One night three years ago, in a bout of insomnia, I went down a YouTube rabbit hole. Videos about the Kansas City Royals led to obscure sports highlights, and before I knew it, I was watching a video from 60 Minutes about the “Mozart of Chess.” The segment followed a grandmaster named Magnus Carlsen — only 21 years old at the time, but already the highest-ranked chess player in the world. That 10-minute segment renewed my interest in a game I had only played as a kid with my dad.
Little did I know that, in three short years, I’d be playing against Magnus himself in New York City.
Last year, I downloaded an app called Play Magnus, created by (you guessed it) Magnus Carlsen, which pits you against the world champion at various ages. Play Magnus held a year-long contest with people all over the world to earn rating points in the app, with the promise that the highest-ranked users would have an opportunity to face Magnus. To amass as many points as possible, I played about three games a night in the beginner section of the app. Upon the conclusion of the contest, I ranked in the top 100 for three different age groups.

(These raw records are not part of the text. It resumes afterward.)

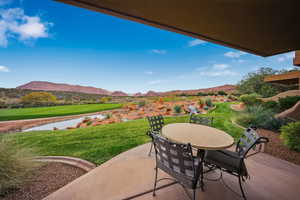 View of patio / terrace with outdoor dining area, a mountain view, and view of golf course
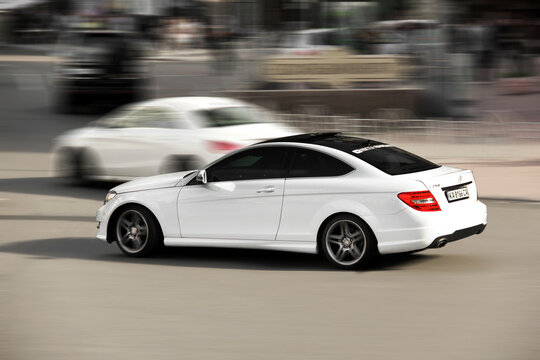 Kiev, Ukraine - May 22, 2021: White Mercedes-Benz C250 Coupe in motion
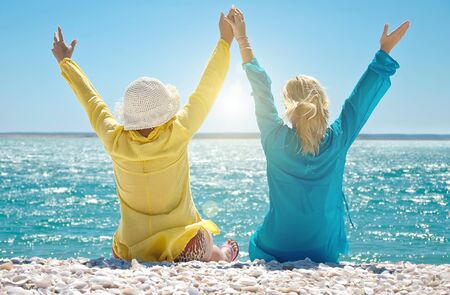 Beautiful girls with arms raised sitting on beachの写真素材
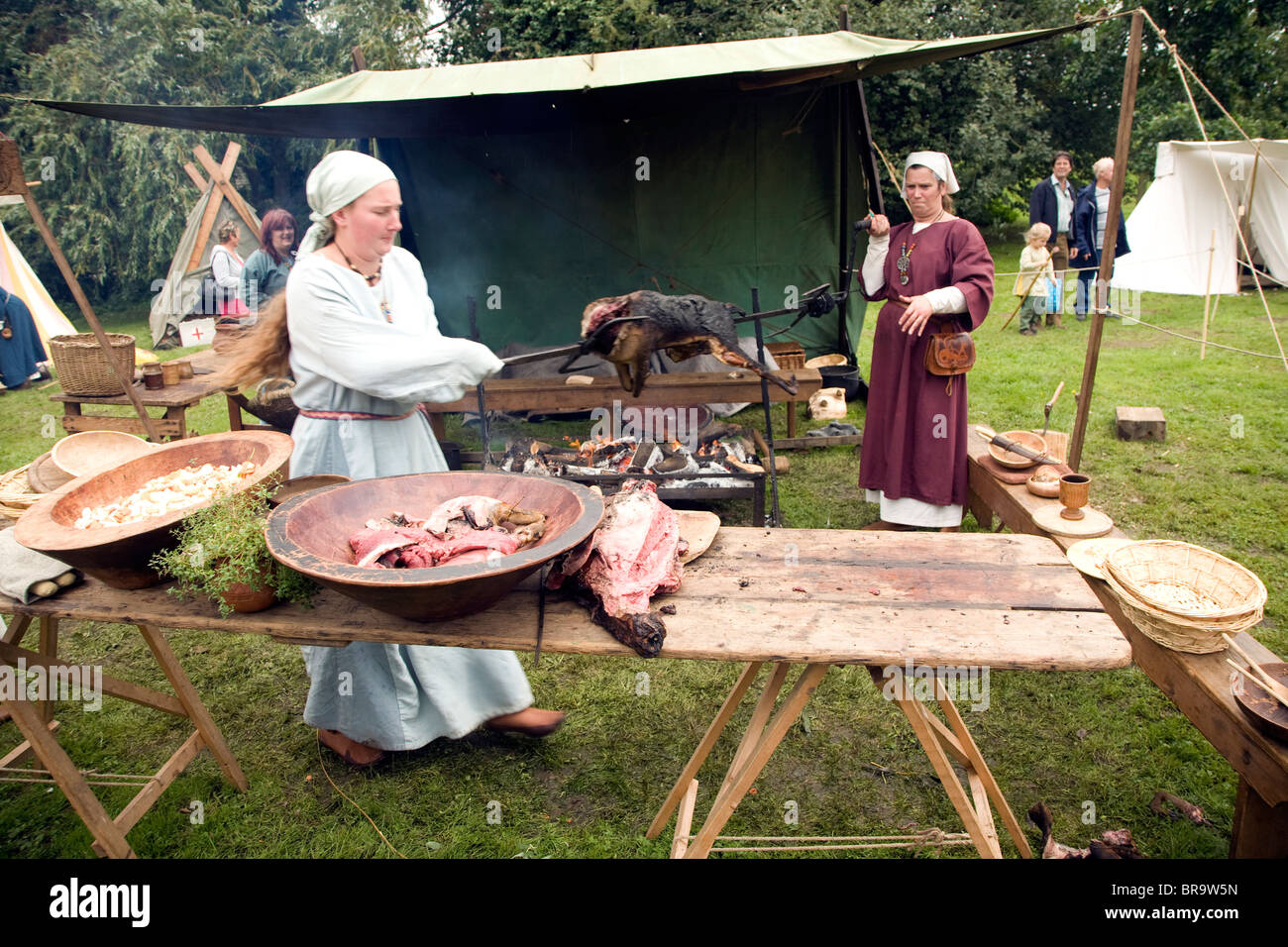 Le donne portano il cervo cotto dal fuoco alla tavola, rievocazione storica Saxon, Viking, Norman storia, Woodbridge, Suffolk Foto Stock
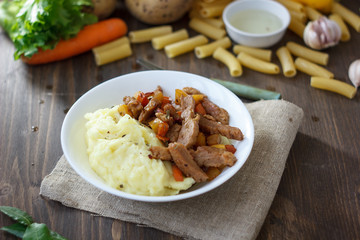 Soy meat with potato puree over kitchen table.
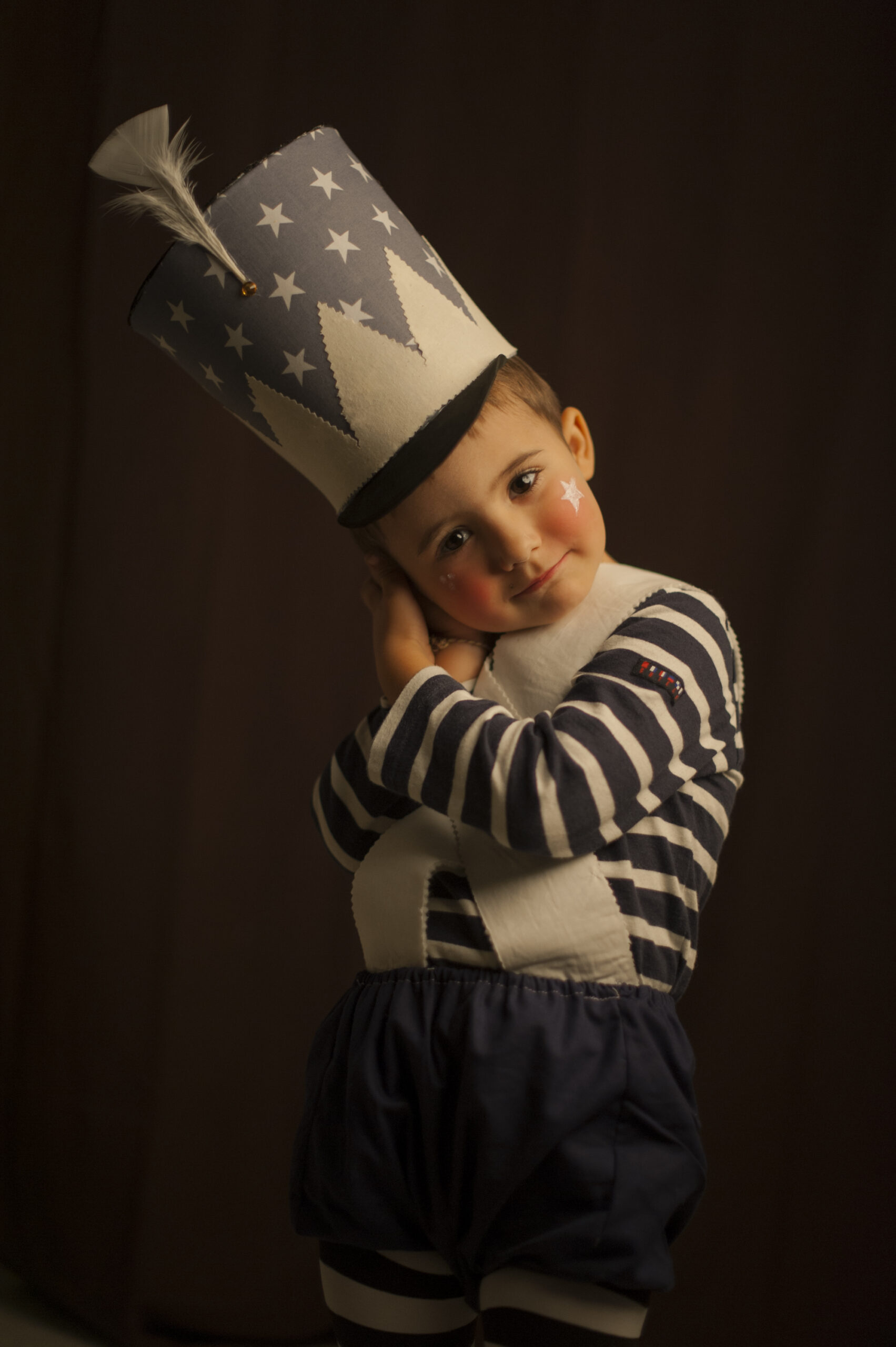 Niño con un sombrero de estrellas y ropa de rayas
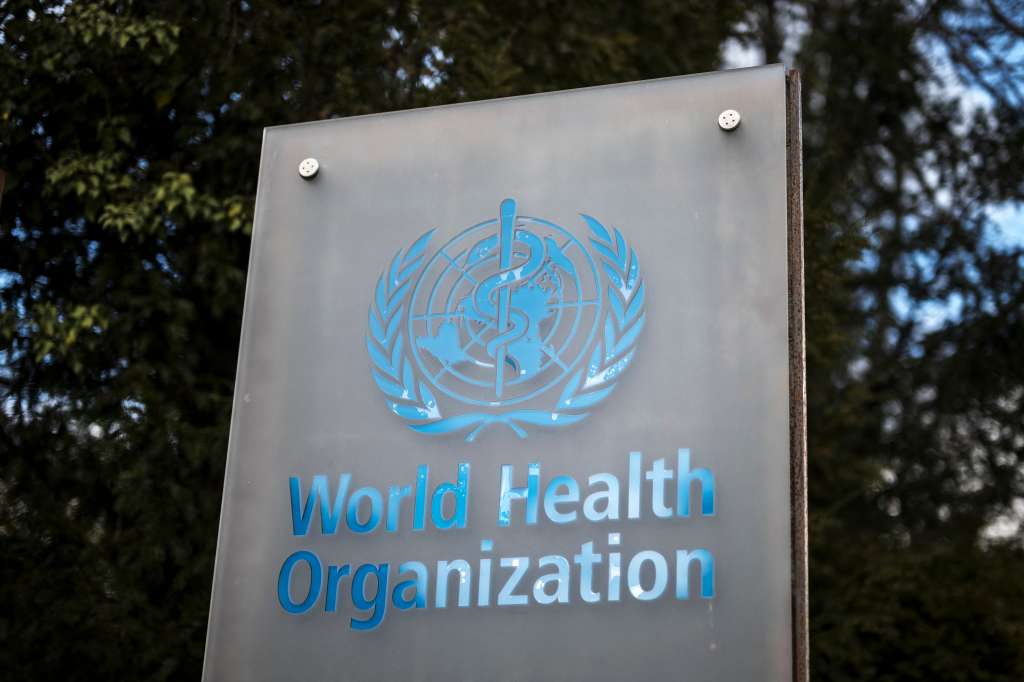 (FILES) This photograph shows a sign of the World Health Organization (WHO) displayed at their headquarters in Geneva on March 13, 2025.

When I got the call from Magnus Carlsen’s agent, it didn’t seem real. Magnus’s team offered to fly me to New York City, where — in November — Magnus will defend his world title for the second time.
In the weeks leading up to my game, I played many games with friends, set up a chessboard near my desk to play coworkers, and learned more opening positions than I thought possible. (Fun fact: I’ve since learned that there are more possible chess games than there are atoms in the universe.)
Magnus is the Usain Bolt of chess, so it was intimidating to step up to the board. Thankfully, I had a lot of support from friends and family ahead of our showdown. Though I knew my odds of beating Magnus were about as good as beating Usain in a footrace, I was stoked for the opportunity to try.
The day before my game, I flew to New York with a few Intouchers who were headed to the#ALLin Accelerator, a think-tank-type event Intouch was hosting in the city. Small world!
When I got to the hotel, I met up with the other winners of the Play Magnus Live Challenge. I would be participating in what’s called a “simul” or simultaneous exhibition, where someone (Magnus) plays multiple games at the same time. Eleven people were selected for the simul from seven different countries: USA, Norway, Austria, Canada, Germany, Spain and the Bahamas. I got to officially cross off “Represent Team USA in something” from my bucket list.
I also went to the premiere of Disney’s Queen of Katwe. After the movie, there was a Q&A panel with Magnus; the actors; and Phiona Mutesi, the young woman who inspired the movie.
We began the day of the event with a brunch attended by chess royalty. In addition to Magnus Carlsen, Fabiano Caruana (USA’s top player and third-highest-ranked in history) was there. I got to watch two of the greatest ever go head-to-head — every chess nerd’s dream.
I never shy away from a camera, so I volunteered to speak to the ABC affiliate in New York about the event, then I made my way to the Liberty Science Center stage. Norwegian news outlets VG and NRK covered each of our boards and provided grandmaster commentary as the simul progressed. The event was being broadcast on Norway’s government-owned news channel (their BBC) in primetime, as well as major chess websites like chess24 and ChessBase and several Facebook live streams.
With a few million chess fans and the entire country of Norway watching, the game began. Magnus made his way around the 11 boards, shaking each competitor’s hand with a smile.
When we reached the mid-game and it was apparent I was in trouble, I set up my pieces to attack his king. After move 20, we each had checkmate in one move, but my attempts were futile, and Magnus beat me to the punch. We shook hands after nearly 40 minutes of intense chess.
My goal going into the game was to last at least 10 moves, since Bill Gates only lasted nine moves against him in 2014. I’m proud to say I was able to last 21 moves against the world champ.
For those interested, I’ve notated my game with Magnus and included commentary on my thought process here.
Magnus and I had a few minutes to chat off-camera after the event, and I told him he was the reason I started playing chess. We chatted about scenes from famous chess movies, and he offered encouragement to me as a chess novice. I can’t wait to play friends in the future and tell them “Magnus Carlsen taught me that one…”
Later that night, I was invited to a cocktail party hosted by the Norwegian Consulate General at her penthouse in downtown New York. I shook hands with Norwegian dignitaries and met a few more grandmasters.
The day I played my chess idol Magnus Carlsen was one of the greatest days of my life.